The report described the gap as “historically unprecedented” and in need of attention if the U.S. is to secure a “more broad-based democracy” of active citizens, as highlighted in an article published in Ed Week last May.
The article’s author paints a simplistic picture of the issue; “If you’re young, poor, and a high school dropout, you probably won’t vote.”
Education level alone, according to the report, is revealed as the most significant factor in determining who shows up at the polls, while low-income levels and age add to the unlikelihood of this demographic group including their voice in the democratic process.
In Alabama, The David Mathews Center for Civic Life was established to address the civic health of Americans, focusing on understanding and respecting the differences among citizens, and engaging them in effective, inclusive and productive dialogue.

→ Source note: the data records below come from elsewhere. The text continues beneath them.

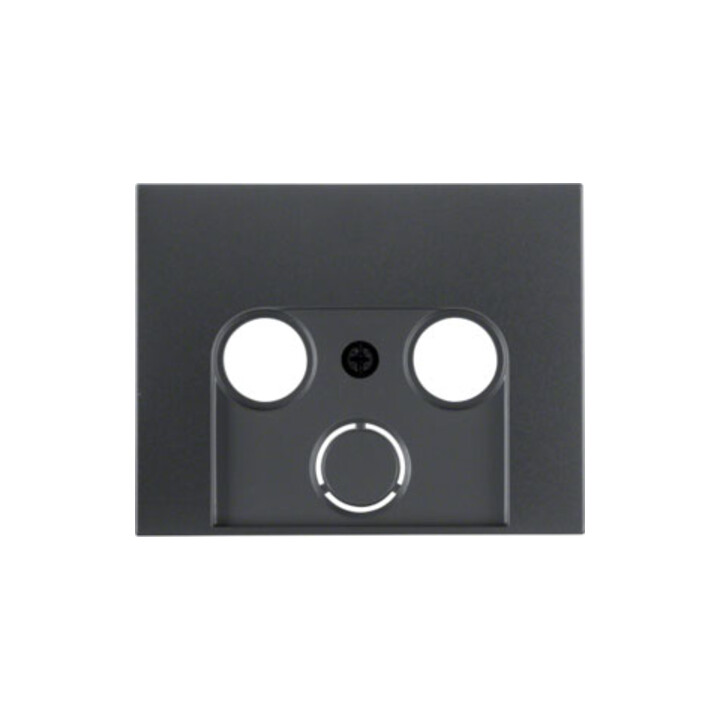 Berker Élément central anthracite/mat prise antenne 2/3 trous 12017016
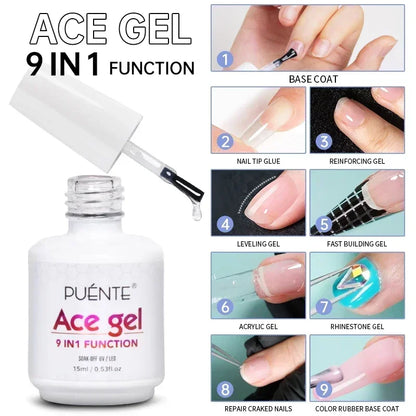 15ML HEMA-Free Base & Top Coat Set – Crystal Glossy & Velvet Matte Finish for Sensitive Nails | Soak-Off UV/LED Gel Varnish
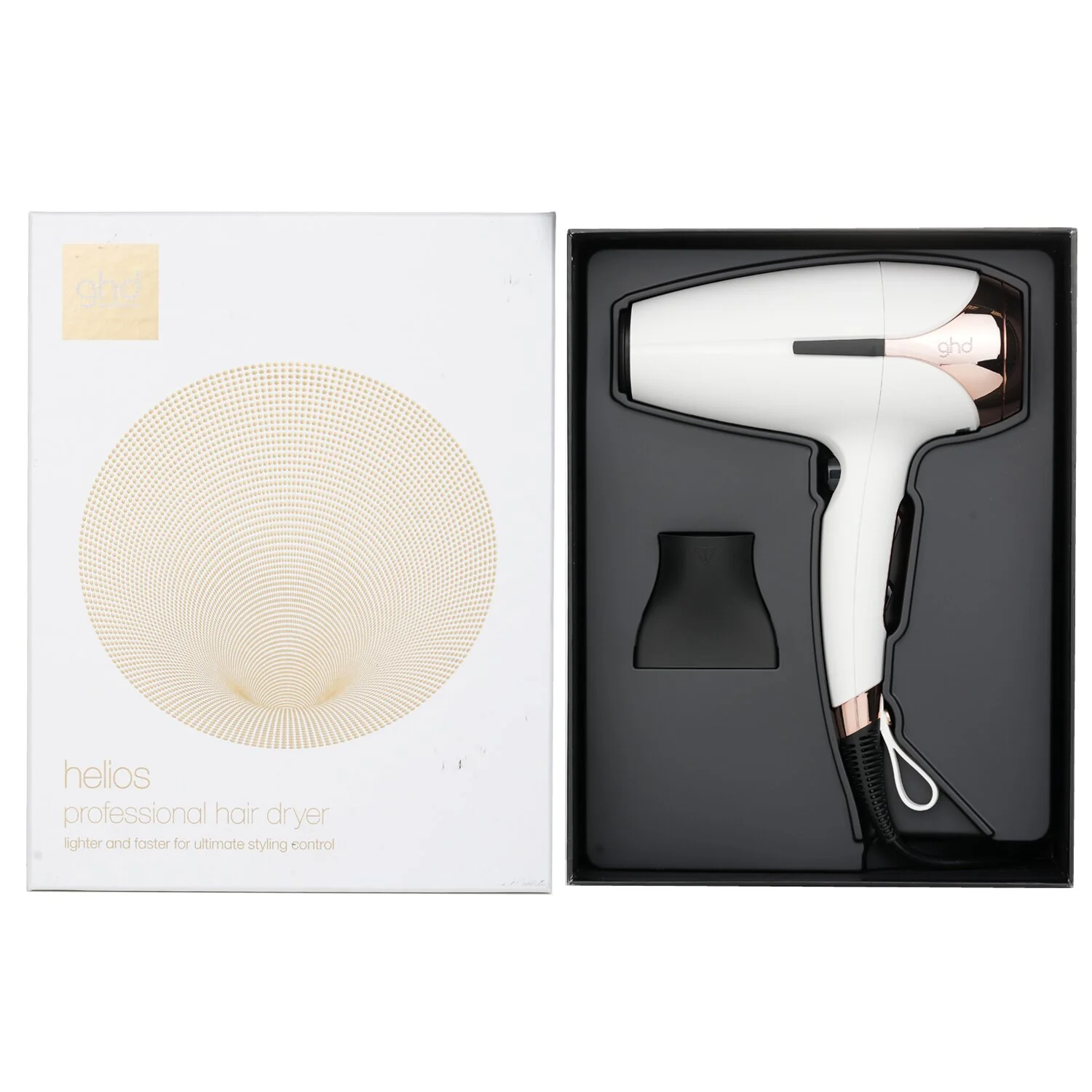 GHD Helios Professional Hair Dryer - # White  1pc - Olabens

According to its founder, “All fundamental political problems are problems of relationships; therefore, all fundamental solutions have to involve fundamental changes in relationships.”
While the ETS report may not clearly explain why this disparity exists, there may be either a feeling of powerlessness or isolation among those who have not finished high school and are struggling on low incomes.

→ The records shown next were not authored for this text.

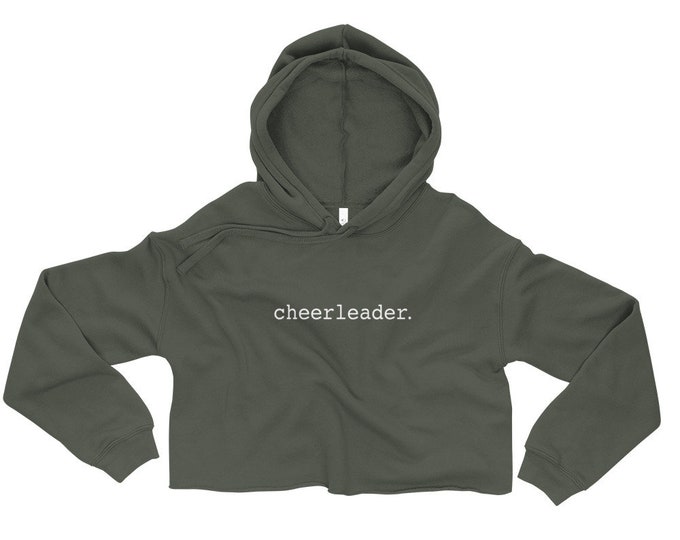 Cheerleader Crop Hoodie (Cheer Boutique)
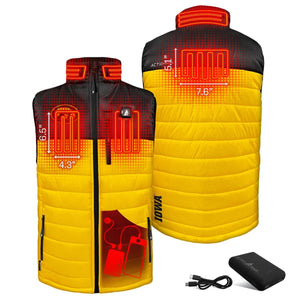 ActionHeat Iowa Hawkeyes 5V Men's Colorblock Puffer Battery Heated Vest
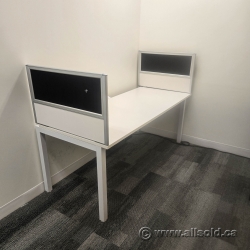 Axis Straightline Straight Desk w/ Side Panels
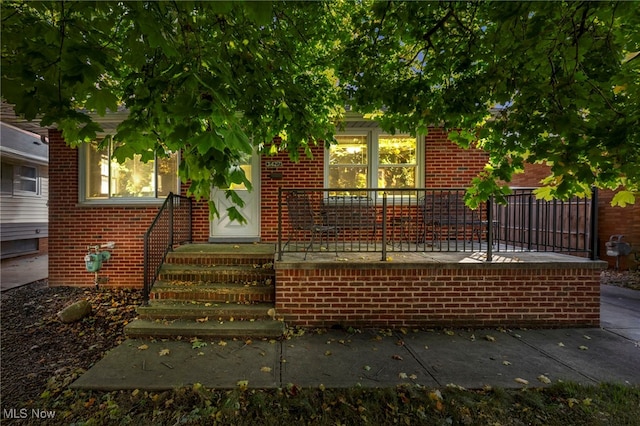 exterior space with a porch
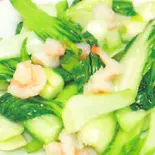 エビ青梗菜炒め（台湾料理興福順 座間店）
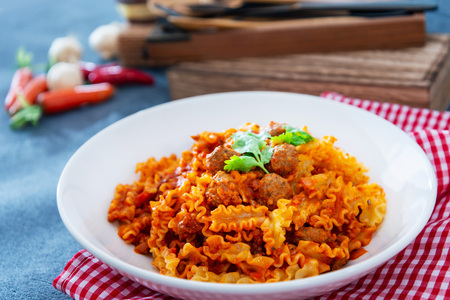 Traditional delicious couscous beef ballsの写真素材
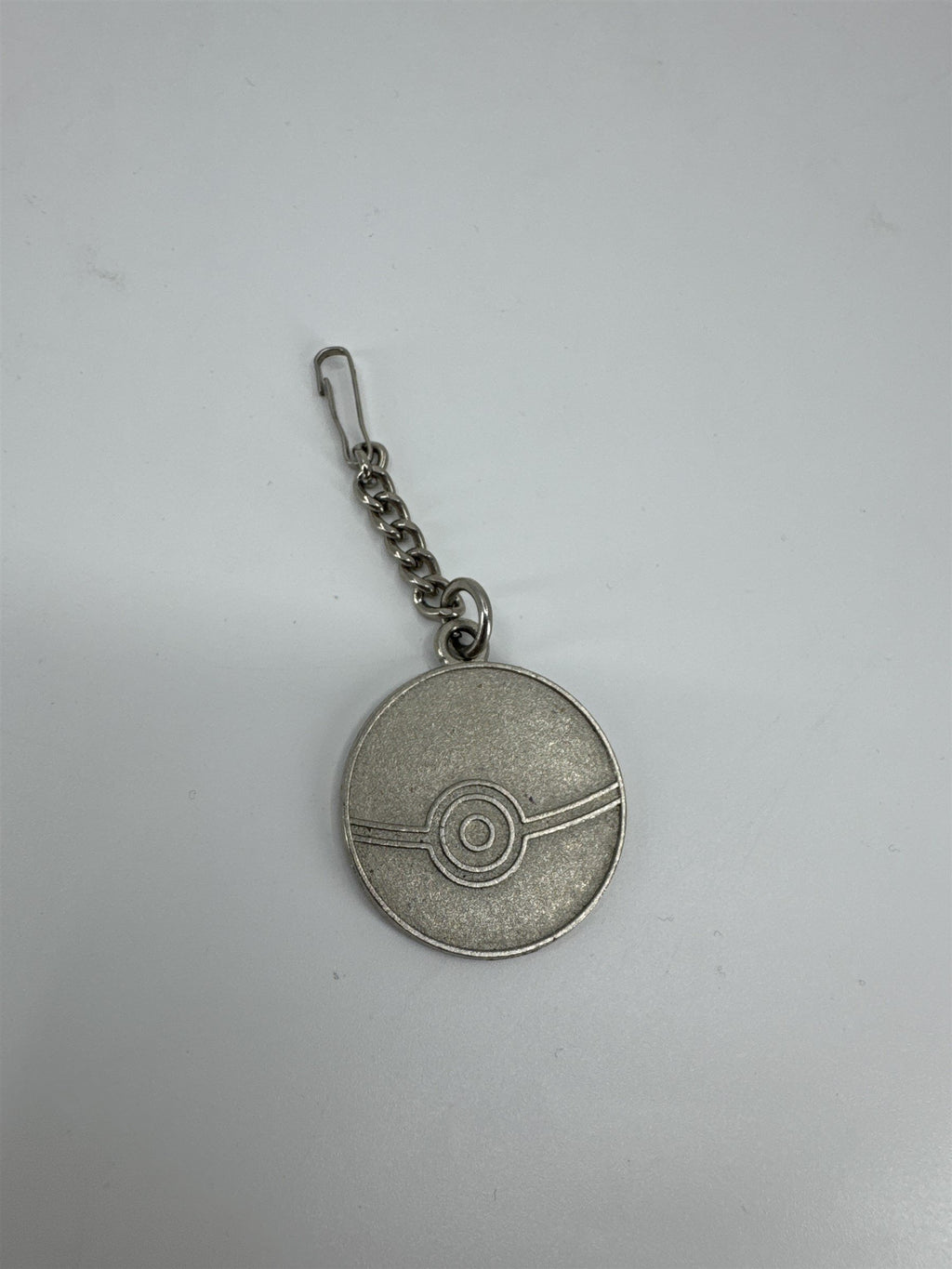 Vintage Pokemon Medal Metal Charm Fob *104-E Pokeball Keytag Chain Souvenir Gift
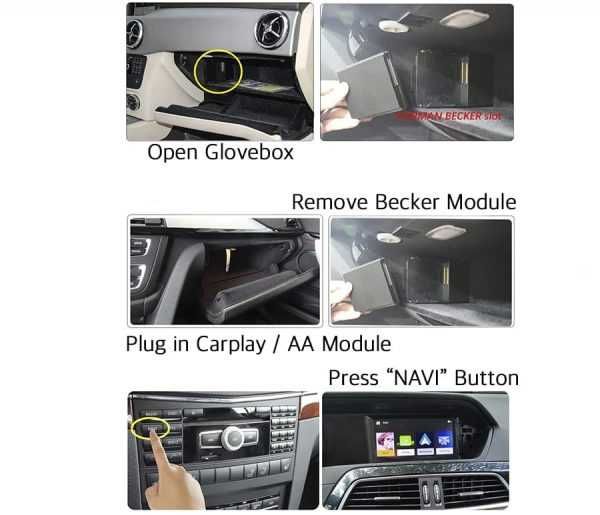 CarPlay за Mercedes-Benz NTG4.5 - A/B/C/E/CLA/GLA/GLK/ML/Sprinter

California took a survey on the question of why some citizens don’t vote, and its results showed similar disparities. The top two reasons for not voting were “just too busy,” and “a feeling that the candidates just don’t speak to them.” Yet more than 80 percent of non-voters agreed that voting is an important part of being a good citizen and having their voices heard. Based on these seemingly conflicting answers, an assumption can be made that many people in this demographic may either feel that their vote doesn’t make a difference, or they may not fully understand the importance of their personal contribution.
“There are many issues in communities that impact all educational and income levels,” said A+ Policy Director Thomas Rains. “Greater efforts are needed to bring these issues to the attention of all citizens and help develop an understanding of how problems can be solved by collective discussion and compromise.”
Recently A+ co-hosted with the Mathews Center a Moderator Development Workshop to begin addressing civic engagement in real, workable ways. The attendees learned how to effectively facilitate discussion around topics of community interest, and planned to take what they learned back to their classrooms and communities.
“This election year is a perfect time to engage students in the process by teaching them how to discuss sensitive, and even controversial issues in productive, civil ways,” said A+ Communications Director Jill West, who participated in the workshop. “The younger generation needs guidance to cut through the political satire and cynicism and understand that they have the power to create positive change in their communities — and voting is a powerful privilege of every citizen.”
A+ and the Mathews Center are partnering again in November to facilitate a two-day Teachers Institute, to expand the idea of encouraging civic engagement with students. More details will be forthcoming, but it is tentatively scheduled for November 13-14 at the American Village in Montevallo.